- **EXERCISE DETAILS**: Would you reproduce every record exactly, leaving out the pictures?
──────── PROVIDED RECORDS
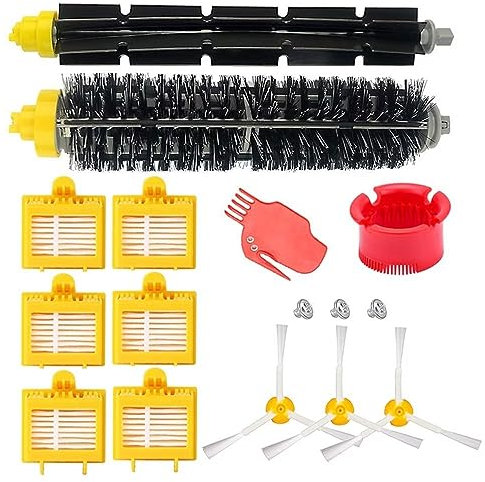 HoHumoca Repuestos de Accesorios para iRobot Roomba 700 720 750 760 765 770 772 772e 774 775 776 776p 780 782 782e 785 786 790 795 796, Recambios para iRobot Roomba 700 Serie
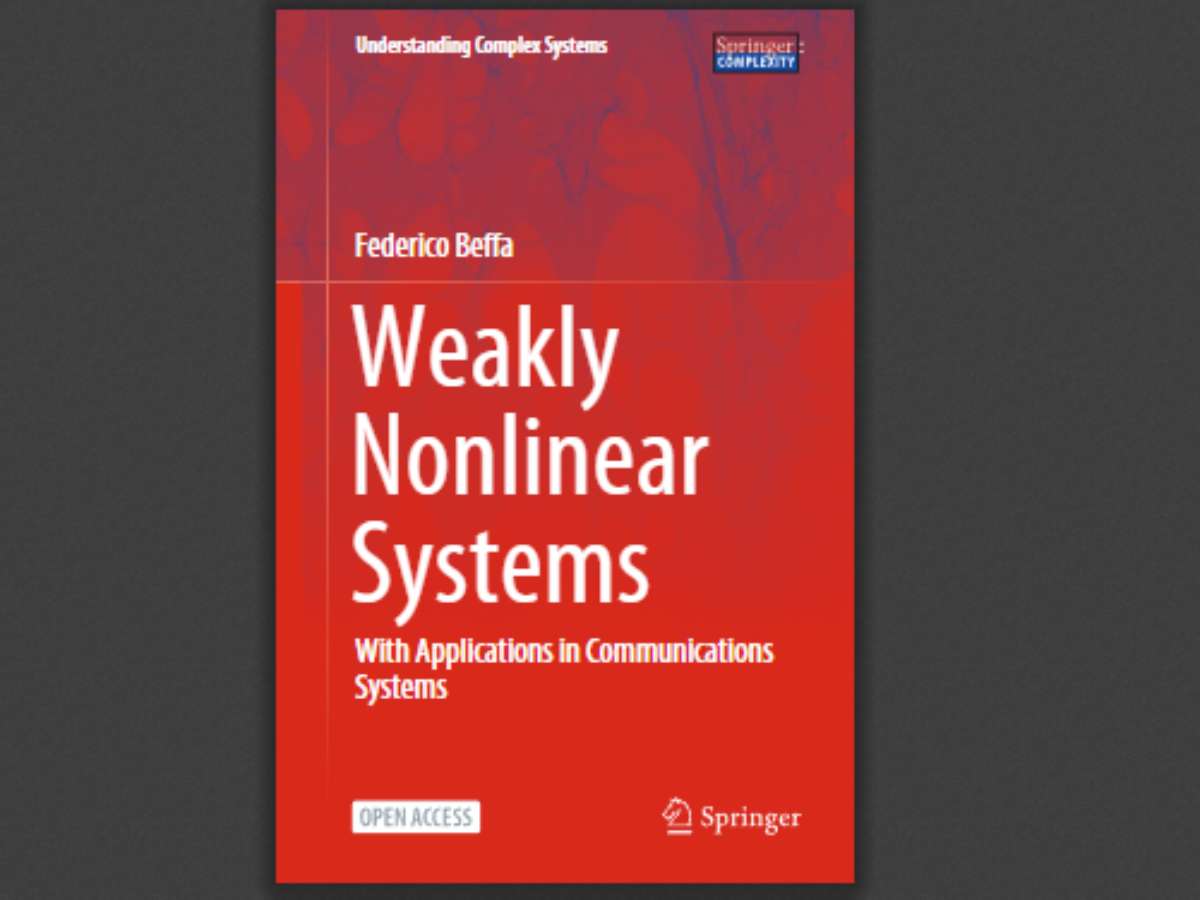 Weakly Nonlinear Systems: With Applications in Communications Systems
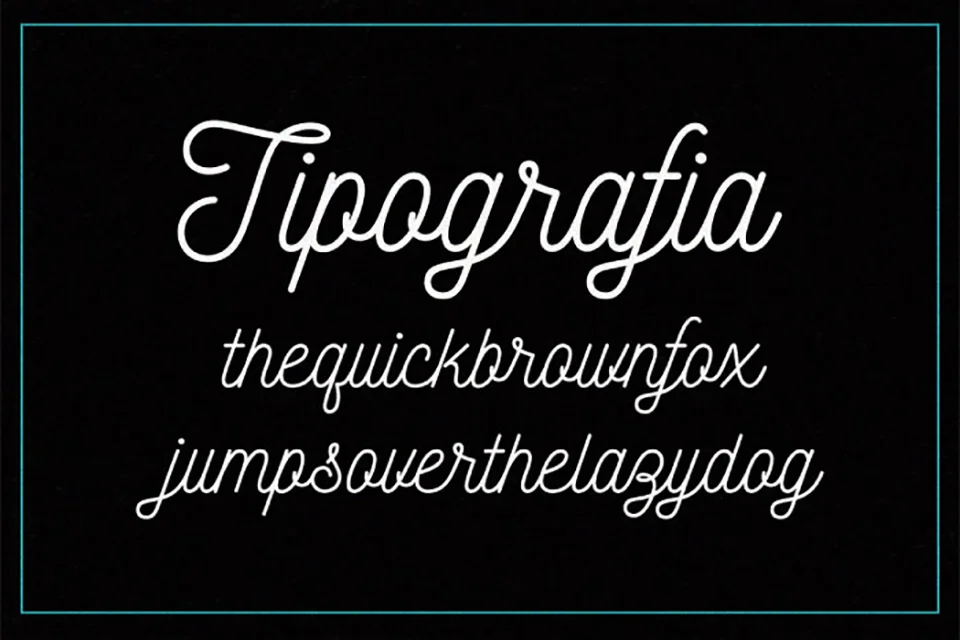 Calligraphy font download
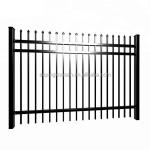 50x50mm Metal Frame Iron Fence for Outdoor House Backyard Garden Frame Material
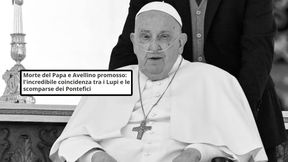 Dziwny zbieg okoliczności. Już szósty raz po śmierci papieża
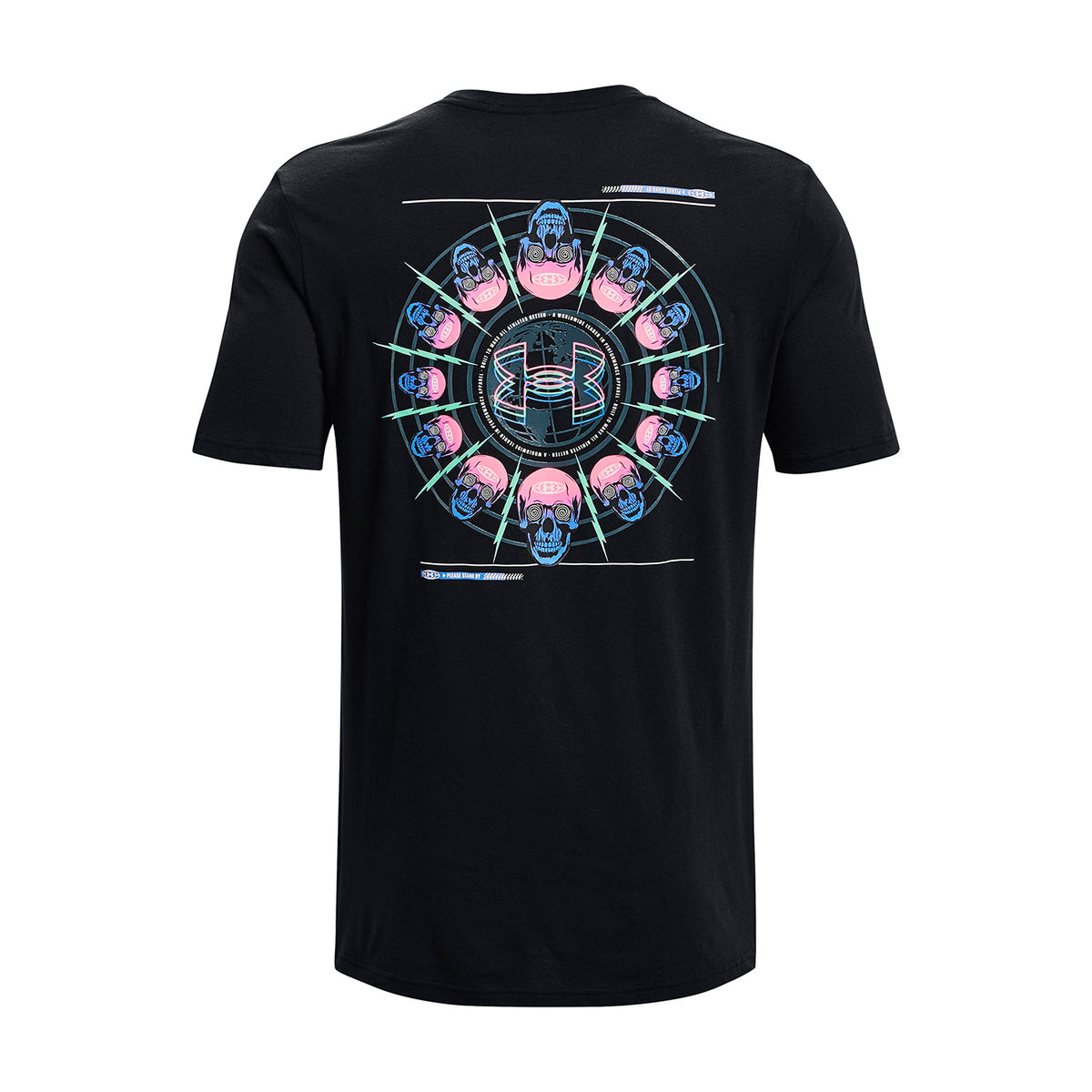 Polera UA Hypno Skull para hombre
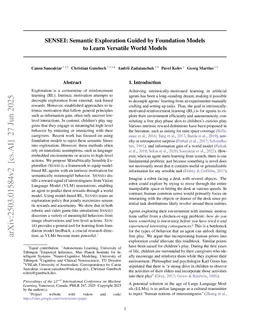 SENSEI: Semantic Exploration Guided by Foundation Models to Learn Versatile World Models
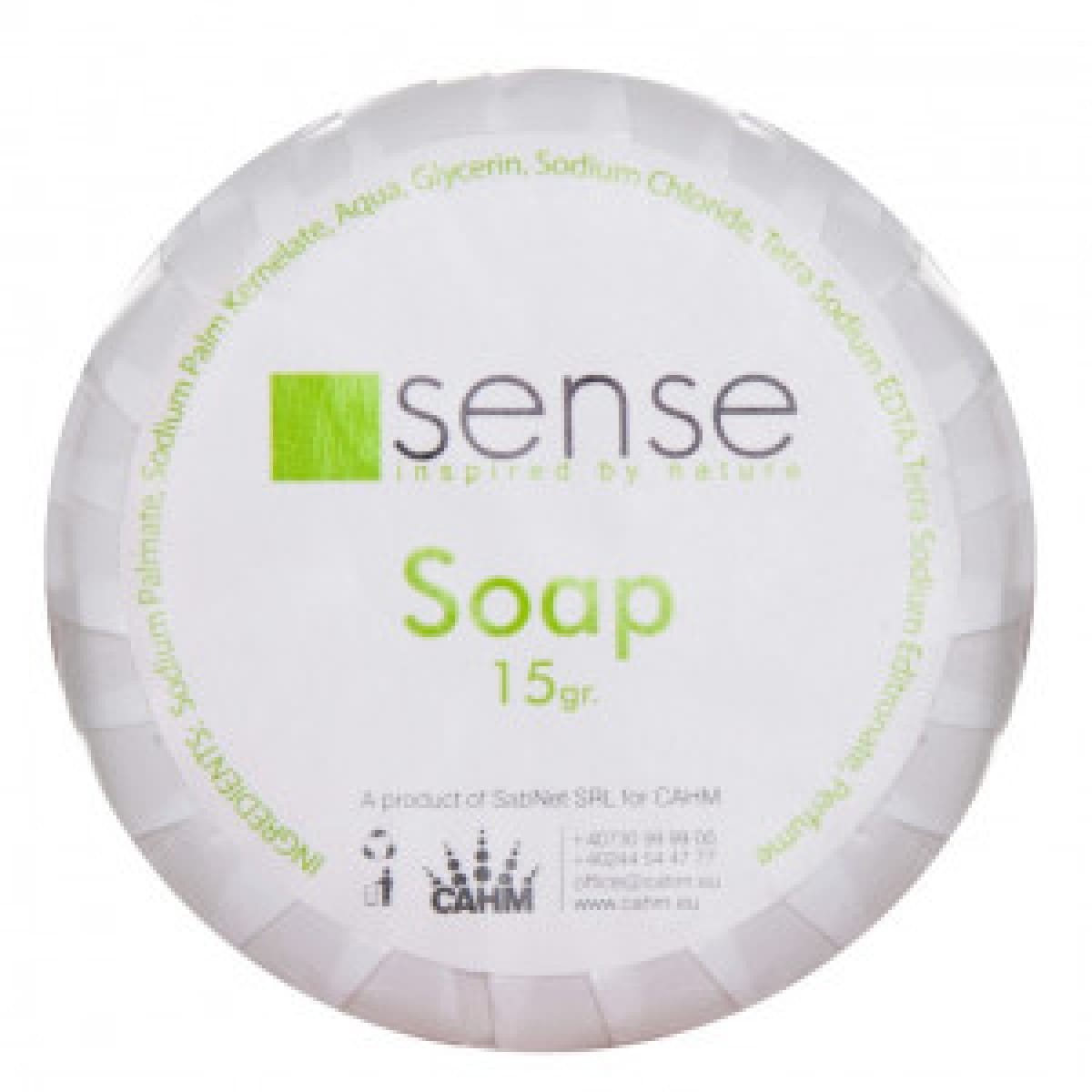 Sense sapun hotelier 15gr 25 buc/set - imagine 1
────────────────
- **OUTPUT OF THE EXERCISE**:
 HoHumoca Repuestos de Accesorios para iRobot Roomba 700 720 750 760 765 770 772 772e 774 775 776 776p 780 782 782e 785 786 790 795 796, Recambios para iRobot Roomba 700 Serie
 Weakly Nonlinear Systems: With Applications in Communications Systems
 Calligraphy font download
 50x50mm Metal Frame Iron Fence for Outdoor House Backyard Garden Frame Material
 Dziwny zbieg okoliczności. Już szósty raz po śmierci papieża
 Polera UA Hypno Skull para hombre
 SENSEI: Semantic Exploration Guided by Foundation Models to Learn Versatile World Models
 Sense sapun hotelier 15gr 25 buc/set - imagine 1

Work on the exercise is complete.